Nie było bramy - nie było problemu, jest brama - jest problem, i to duży. Właściciel posesji w Świnoujściu przegrodził wjazd na teren kwartału w centrum miasta bramą. Mieszkańcom posesji wręczył klucze, wypełniając postanowienie sądu o służebności przechodu, ale tym samym utrudnił dojście pacjentów do stomatologa, a sąsiedni hotel naraża na wymierne straty finansowe.

Żeby wyleczyć ząb, trzeba podejść pod właściwy balkon i z opuszczonego na umówiony znak-sygnał łańcuszka odpiąć klucz i… wejść do dentysty.
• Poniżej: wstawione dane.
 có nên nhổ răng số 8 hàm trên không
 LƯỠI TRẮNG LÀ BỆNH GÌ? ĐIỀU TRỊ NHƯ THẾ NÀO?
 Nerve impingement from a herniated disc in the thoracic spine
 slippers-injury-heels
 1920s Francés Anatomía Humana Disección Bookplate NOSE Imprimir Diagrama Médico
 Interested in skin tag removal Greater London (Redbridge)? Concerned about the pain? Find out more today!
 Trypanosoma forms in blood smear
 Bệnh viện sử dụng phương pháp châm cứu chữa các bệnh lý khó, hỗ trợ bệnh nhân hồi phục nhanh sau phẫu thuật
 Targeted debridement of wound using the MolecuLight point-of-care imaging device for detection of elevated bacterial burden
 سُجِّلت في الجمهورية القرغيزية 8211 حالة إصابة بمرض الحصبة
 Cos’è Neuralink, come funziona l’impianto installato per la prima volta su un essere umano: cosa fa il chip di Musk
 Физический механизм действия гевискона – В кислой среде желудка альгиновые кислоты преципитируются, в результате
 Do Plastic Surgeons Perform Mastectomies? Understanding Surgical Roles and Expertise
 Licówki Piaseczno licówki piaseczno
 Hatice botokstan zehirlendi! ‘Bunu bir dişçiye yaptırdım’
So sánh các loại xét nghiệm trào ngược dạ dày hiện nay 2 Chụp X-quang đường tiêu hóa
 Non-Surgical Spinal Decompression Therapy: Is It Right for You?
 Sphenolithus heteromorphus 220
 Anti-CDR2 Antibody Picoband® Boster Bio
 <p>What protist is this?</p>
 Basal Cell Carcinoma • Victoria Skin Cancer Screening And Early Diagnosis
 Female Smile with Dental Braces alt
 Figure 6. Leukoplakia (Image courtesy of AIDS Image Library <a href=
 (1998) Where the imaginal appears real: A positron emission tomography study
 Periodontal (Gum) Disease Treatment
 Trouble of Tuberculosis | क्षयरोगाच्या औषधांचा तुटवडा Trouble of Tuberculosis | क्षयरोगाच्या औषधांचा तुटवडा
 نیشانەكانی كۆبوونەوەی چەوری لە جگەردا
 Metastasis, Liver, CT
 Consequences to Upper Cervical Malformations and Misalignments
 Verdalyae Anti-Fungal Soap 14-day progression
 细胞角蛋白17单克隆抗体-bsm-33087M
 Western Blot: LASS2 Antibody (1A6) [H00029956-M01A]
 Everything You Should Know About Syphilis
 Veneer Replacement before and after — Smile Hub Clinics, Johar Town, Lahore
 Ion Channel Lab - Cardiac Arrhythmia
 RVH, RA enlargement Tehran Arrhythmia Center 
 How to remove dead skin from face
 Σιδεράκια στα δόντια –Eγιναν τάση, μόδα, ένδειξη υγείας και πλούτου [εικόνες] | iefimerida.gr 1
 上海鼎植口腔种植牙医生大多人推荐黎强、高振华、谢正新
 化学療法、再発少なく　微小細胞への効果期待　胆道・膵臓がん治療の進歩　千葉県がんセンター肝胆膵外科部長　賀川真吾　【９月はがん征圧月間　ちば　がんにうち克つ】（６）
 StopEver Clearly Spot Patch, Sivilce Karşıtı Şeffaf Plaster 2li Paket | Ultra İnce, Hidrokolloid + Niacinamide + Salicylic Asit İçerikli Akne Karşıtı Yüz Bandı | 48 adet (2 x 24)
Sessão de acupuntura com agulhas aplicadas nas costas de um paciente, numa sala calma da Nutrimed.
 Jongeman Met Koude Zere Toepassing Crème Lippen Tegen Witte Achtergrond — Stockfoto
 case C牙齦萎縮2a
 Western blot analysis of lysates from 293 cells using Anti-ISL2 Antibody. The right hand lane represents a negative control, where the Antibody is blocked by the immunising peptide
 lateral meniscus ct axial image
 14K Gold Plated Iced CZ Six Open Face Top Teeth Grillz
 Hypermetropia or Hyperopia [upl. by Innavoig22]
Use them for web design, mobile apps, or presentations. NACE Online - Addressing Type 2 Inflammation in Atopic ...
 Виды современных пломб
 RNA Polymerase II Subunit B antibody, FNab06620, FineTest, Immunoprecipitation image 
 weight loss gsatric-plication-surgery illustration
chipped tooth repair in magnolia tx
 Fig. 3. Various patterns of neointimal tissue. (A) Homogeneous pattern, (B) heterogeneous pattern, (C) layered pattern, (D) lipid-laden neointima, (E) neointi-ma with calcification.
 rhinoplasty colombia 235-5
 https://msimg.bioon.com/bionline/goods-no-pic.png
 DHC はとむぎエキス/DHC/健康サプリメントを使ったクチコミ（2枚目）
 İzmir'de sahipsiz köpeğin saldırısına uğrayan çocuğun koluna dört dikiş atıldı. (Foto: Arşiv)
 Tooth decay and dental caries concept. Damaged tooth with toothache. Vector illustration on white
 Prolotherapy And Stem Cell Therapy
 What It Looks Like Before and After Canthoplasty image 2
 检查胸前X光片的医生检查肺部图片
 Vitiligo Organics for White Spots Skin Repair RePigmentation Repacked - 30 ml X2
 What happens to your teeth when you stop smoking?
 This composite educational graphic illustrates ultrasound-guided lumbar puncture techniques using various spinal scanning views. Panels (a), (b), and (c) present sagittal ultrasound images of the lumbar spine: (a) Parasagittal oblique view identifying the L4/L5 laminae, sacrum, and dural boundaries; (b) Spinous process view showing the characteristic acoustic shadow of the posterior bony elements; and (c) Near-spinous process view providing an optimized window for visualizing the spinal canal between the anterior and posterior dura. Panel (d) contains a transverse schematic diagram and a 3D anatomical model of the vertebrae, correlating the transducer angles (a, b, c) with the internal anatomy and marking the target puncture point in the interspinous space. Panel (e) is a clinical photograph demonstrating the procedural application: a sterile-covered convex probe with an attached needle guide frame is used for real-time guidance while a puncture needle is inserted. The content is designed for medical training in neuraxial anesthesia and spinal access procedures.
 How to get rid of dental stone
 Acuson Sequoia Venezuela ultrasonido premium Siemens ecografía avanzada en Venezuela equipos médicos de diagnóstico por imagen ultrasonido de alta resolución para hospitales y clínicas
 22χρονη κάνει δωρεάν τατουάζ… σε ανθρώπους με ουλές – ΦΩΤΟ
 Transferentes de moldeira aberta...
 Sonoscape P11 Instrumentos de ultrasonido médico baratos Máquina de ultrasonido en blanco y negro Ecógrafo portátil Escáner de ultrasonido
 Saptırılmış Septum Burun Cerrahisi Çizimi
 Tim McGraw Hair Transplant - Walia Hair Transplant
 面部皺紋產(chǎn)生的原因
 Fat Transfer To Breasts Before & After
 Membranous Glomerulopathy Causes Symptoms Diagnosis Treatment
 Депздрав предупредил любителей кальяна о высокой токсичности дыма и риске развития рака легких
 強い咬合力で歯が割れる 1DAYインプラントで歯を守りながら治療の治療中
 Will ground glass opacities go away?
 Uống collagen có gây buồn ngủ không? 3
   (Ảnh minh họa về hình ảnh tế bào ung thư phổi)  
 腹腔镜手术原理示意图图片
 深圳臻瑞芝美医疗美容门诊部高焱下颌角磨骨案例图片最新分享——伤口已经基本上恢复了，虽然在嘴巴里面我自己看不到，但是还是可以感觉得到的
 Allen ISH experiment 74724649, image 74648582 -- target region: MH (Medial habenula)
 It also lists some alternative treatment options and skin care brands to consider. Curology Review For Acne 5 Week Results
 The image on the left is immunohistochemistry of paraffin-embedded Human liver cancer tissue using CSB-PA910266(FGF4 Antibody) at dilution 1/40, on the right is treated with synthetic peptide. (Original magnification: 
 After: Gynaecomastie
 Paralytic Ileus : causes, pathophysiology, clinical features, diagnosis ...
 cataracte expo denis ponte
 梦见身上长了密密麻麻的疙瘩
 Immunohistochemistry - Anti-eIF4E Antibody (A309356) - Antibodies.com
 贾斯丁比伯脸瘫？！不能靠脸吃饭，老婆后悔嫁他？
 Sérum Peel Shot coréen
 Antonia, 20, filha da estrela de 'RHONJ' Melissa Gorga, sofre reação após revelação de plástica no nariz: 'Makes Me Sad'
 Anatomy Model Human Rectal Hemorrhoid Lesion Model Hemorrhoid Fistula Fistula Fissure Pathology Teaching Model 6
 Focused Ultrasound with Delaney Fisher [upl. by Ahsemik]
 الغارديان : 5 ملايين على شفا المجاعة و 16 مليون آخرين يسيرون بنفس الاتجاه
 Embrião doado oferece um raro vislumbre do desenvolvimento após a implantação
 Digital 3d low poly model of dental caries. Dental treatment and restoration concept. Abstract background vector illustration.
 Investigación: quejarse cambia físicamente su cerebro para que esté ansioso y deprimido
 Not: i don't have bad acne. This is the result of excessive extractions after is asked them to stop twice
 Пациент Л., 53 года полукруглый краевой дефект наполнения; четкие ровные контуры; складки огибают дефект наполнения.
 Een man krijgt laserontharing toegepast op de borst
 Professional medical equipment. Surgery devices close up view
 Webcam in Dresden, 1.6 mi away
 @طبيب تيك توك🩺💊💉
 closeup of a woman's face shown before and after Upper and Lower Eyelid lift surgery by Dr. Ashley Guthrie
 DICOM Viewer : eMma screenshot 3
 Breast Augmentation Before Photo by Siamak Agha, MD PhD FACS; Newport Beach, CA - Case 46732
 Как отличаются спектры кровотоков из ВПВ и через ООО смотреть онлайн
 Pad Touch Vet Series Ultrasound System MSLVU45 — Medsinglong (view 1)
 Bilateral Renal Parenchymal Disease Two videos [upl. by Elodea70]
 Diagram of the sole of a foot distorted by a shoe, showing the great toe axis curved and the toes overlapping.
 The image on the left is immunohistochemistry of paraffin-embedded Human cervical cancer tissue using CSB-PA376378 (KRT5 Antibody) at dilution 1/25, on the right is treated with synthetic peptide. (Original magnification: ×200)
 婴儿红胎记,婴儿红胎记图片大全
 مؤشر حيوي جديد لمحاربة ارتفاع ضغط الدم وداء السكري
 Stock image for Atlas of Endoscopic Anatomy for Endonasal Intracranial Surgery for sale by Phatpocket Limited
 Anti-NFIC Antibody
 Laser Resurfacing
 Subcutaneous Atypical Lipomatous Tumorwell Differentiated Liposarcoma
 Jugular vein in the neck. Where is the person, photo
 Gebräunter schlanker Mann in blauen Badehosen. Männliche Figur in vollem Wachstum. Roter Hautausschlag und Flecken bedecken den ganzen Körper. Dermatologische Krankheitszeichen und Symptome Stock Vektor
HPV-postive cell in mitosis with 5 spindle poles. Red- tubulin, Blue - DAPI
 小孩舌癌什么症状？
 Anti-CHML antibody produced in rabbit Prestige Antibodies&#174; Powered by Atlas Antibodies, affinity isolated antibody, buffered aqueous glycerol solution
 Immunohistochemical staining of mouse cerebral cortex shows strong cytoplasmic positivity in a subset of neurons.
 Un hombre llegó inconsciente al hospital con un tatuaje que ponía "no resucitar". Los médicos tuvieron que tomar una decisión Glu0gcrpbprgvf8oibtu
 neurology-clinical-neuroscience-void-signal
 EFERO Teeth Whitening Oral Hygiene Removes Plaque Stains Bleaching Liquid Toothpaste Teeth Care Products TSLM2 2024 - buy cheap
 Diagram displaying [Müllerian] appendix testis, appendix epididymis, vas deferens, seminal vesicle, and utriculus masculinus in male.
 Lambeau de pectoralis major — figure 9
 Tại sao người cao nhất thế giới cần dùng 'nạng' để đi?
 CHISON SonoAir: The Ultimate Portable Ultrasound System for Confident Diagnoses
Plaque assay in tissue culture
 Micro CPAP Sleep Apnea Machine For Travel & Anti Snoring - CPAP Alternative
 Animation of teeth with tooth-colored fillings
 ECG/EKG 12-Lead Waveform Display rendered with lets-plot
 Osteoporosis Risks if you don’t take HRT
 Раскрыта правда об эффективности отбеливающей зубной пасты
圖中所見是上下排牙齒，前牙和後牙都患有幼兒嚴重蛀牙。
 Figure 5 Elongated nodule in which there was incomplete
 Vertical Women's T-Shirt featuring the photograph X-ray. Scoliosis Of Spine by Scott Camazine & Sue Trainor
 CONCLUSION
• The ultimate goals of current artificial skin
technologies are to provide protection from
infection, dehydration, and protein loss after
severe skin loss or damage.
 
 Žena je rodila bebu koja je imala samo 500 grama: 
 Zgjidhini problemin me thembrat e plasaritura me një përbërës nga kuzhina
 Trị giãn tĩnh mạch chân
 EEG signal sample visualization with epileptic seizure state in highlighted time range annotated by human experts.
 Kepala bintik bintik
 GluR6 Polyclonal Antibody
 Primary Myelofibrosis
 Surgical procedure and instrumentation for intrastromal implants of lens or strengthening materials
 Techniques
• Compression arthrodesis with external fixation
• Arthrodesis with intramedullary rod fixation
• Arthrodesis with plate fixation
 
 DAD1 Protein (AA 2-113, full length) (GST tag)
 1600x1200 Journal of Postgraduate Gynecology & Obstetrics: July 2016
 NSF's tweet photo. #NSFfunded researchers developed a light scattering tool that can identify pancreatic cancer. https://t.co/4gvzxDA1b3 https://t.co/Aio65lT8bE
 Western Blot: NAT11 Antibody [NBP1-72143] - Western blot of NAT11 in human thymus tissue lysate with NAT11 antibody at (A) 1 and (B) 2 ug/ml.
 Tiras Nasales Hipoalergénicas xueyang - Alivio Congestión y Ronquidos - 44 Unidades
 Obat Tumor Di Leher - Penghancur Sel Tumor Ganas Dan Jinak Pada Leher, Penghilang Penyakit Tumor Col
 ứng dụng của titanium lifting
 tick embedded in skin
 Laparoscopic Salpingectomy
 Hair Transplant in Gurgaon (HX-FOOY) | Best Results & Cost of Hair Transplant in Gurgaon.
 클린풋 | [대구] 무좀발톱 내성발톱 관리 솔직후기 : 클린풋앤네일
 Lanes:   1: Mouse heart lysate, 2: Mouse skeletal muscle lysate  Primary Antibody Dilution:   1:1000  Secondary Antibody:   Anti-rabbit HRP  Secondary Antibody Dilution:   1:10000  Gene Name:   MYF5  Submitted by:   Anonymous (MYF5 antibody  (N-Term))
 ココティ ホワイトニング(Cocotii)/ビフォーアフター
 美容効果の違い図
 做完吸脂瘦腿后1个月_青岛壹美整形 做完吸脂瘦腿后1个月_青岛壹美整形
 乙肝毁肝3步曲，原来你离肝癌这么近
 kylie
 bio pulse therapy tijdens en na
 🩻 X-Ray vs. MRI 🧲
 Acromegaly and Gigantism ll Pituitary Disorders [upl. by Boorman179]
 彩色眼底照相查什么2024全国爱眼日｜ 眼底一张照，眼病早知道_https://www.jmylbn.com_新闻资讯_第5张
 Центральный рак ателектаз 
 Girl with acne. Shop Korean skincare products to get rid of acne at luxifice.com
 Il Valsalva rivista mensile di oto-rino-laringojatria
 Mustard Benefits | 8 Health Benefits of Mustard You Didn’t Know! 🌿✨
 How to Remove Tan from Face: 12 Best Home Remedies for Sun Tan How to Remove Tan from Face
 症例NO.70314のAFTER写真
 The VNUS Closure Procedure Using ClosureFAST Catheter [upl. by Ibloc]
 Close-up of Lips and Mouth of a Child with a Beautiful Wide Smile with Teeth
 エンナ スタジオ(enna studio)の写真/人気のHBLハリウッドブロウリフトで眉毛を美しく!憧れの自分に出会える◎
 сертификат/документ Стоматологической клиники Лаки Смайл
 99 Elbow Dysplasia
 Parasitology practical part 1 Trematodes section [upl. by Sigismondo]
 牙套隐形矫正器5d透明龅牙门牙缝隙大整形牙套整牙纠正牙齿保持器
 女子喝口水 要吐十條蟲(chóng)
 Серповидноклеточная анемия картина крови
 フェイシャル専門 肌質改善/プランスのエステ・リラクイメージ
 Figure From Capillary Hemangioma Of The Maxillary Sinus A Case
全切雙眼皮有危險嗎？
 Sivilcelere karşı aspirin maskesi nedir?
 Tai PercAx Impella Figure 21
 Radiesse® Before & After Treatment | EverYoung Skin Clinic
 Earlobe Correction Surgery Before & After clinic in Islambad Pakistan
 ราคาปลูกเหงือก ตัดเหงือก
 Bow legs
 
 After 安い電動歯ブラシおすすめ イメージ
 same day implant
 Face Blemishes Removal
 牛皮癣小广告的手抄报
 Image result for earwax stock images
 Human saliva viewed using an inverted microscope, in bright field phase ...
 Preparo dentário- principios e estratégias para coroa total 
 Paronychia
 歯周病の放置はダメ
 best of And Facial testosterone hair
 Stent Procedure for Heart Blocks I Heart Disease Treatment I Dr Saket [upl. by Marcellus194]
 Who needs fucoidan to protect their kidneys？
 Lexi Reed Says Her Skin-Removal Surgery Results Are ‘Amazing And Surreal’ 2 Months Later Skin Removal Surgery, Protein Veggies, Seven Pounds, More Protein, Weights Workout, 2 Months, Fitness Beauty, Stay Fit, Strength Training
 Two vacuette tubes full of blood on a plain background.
Przy wychodzeniu - odwrotnie.

A kierowców, którzy chcą dojechać do parkingu hotelu Ottaviano, stojącego przy ul. Monte Cassino, ustawione przez miasto znaki kierują do wjazdu przez Bohaterów Września.

Klienci hotelu muszą - choć o tym nie wiedzą - jechać przez wjazd od ul. Bolesława Chrobrego.

Oba absurdy mają jedną przyczynę – bramę, którą właściciel sąsiedniej posesji przegrodził wjazd do jednego z kwartałów w Świnoujściu. Wszystko w majestacie prawa, ale też i w oparach absurdu. Posłuchaj mojego minireportażu a'la Bareja

Problem rozwiązałby przynajmniej częściowo zwykły domofon. Zapewniano mnie, że w ramach konsensusu takie urządzenie na bramie niebawem zawiśnie. Oczywiście niebawem to sprawdzę.